----- INFORMATION SUPPLIED

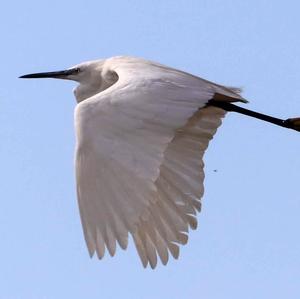 Little Egret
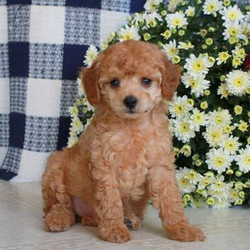 Rae/Poodle/Female/14 Weeks,Raeis a cuteToy Poodle puppy that is ready to be your best friend! This lovable little gal has been vet checked, is up to date with vaccines and wormer and comes witha 30 day health guarantee provided by the breeder. To welcome Raeinto your loving heart and home, please contact the breeder today to arrange a visit!
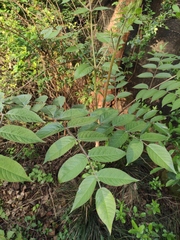 Aralia decaisneana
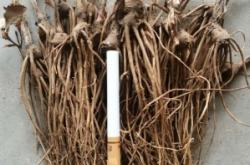 赤峰蒼術(shù)籽收購商家電話號碼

----------

An exact copy of the listing above is to be set down, with no pictures in it.

 Little Egret
 Rae/Poodle/Female/14 Weeks,Raeis a cuteToy Poodle puppy that is ready to be your best friend! This lovable little gal has been vet checked, is up to date with vaccines and wormer and comes witha 30 day health guarantee provided by the breeder. To welcome Raeinto your loving heart and home, please contact the breeder today to arrange a visit!
 Aralia decaisneana
 赤峰蒼術(shù)籽收購商家電話號碼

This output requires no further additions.